RECORD EXTRACTS
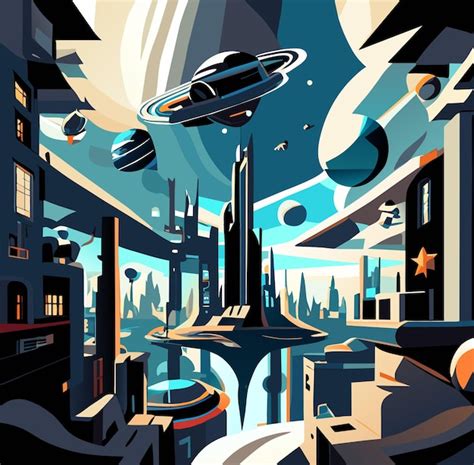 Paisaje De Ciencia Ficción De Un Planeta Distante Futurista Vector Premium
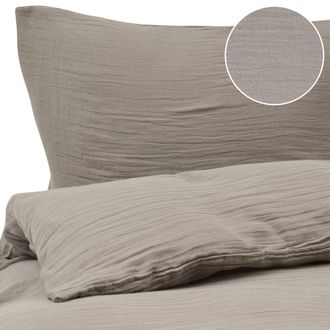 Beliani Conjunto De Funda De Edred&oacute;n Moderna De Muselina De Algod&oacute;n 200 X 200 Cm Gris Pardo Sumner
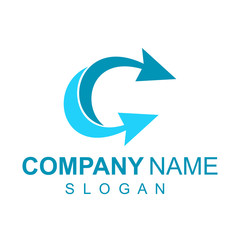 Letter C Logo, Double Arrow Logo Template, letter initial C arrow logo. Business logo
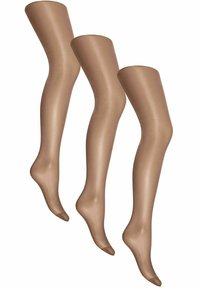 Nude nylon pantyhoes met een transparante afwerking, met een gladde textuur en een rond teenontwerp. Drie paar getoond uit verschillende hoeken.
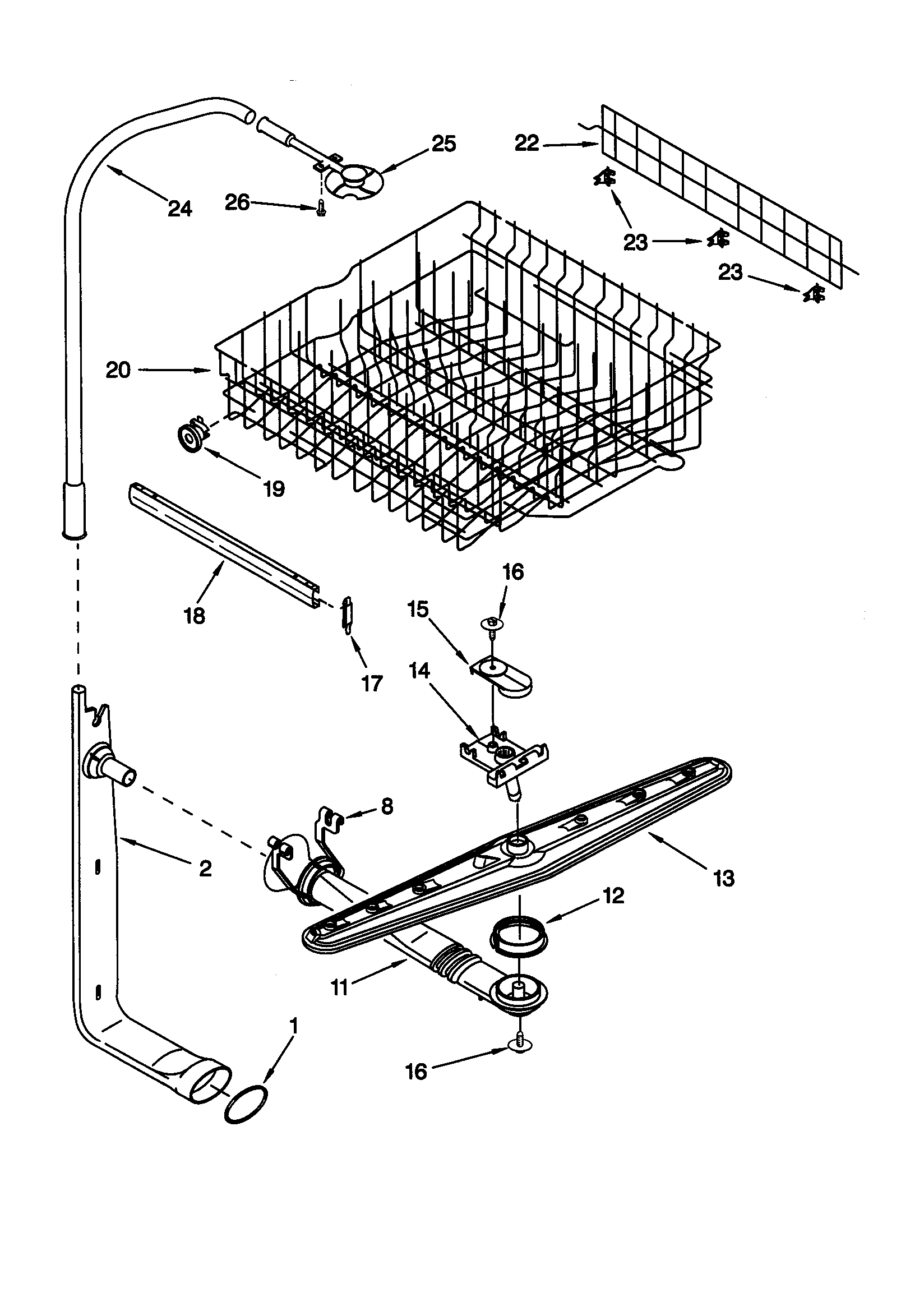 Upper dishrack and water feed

* * *

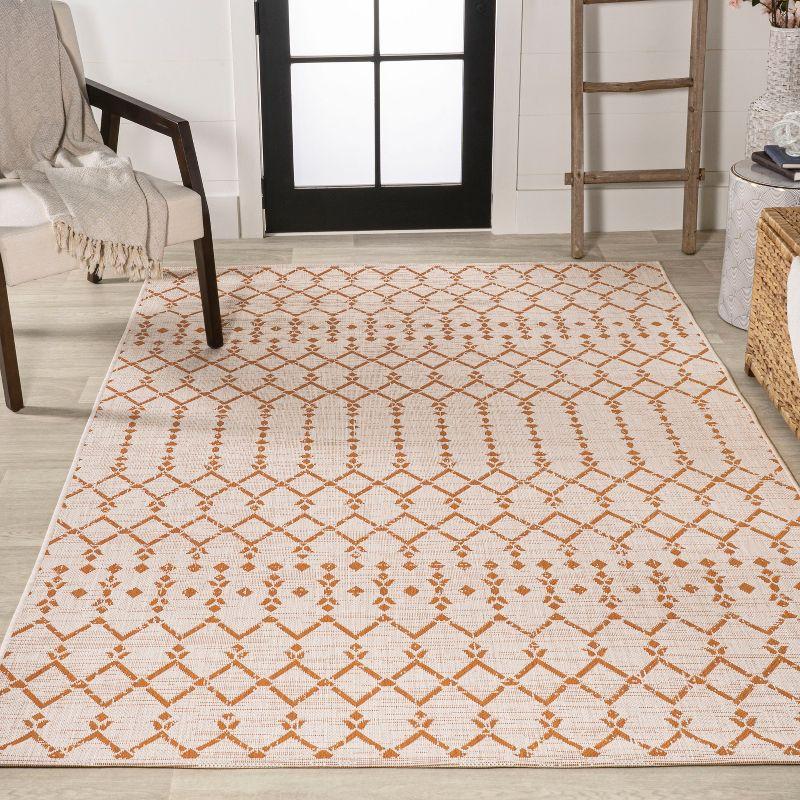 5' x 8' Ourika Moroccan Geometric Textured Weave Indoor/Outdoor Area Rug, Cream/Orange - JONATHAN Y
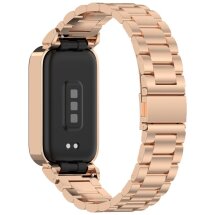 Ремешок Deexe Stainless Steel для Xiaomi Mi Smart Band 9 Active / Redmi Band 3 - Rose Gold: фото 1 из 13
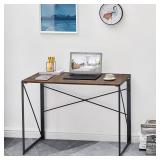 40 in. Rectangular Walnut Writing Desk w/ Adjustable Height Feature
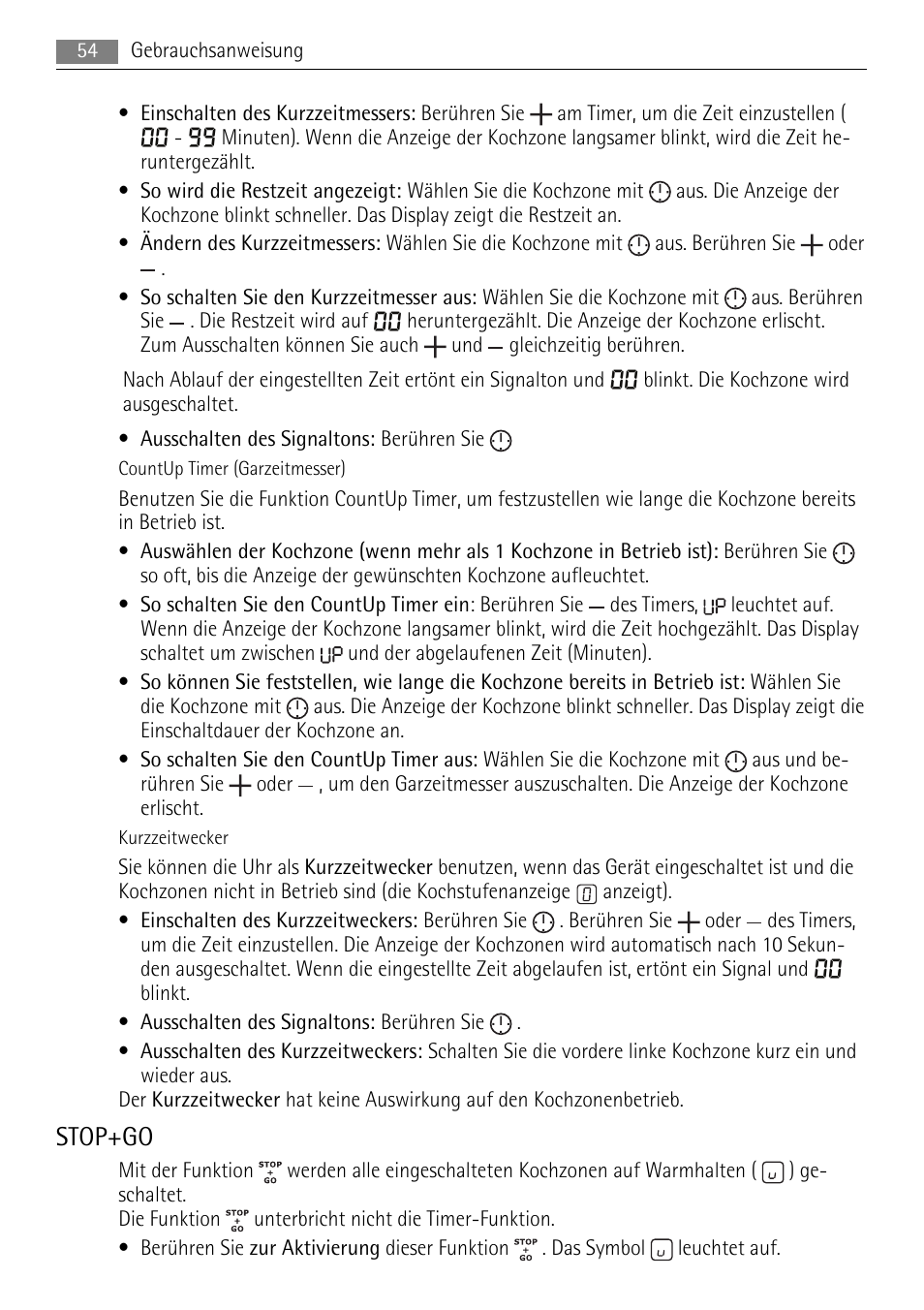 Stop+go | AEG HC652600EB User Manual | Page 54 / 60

ASSIGNED TASK
Output exactly the lines above, from the line with "Ремешок Deexe Stainless" to the line with "Stop+go | AEG", both included; skip the pictures.

OUTPUT
 Ремешок Deexe Stainless Steel для Xiaomi Mi Smart Band 9 Active / Redmi Band 3 - Rose Gold: фото 1 из 13
 40 in. Rectangular Walnut Writing Desk w/ Adjustable Height Feature
 Stop+go | AEG HC652600EB User Manual | Page 54 / 60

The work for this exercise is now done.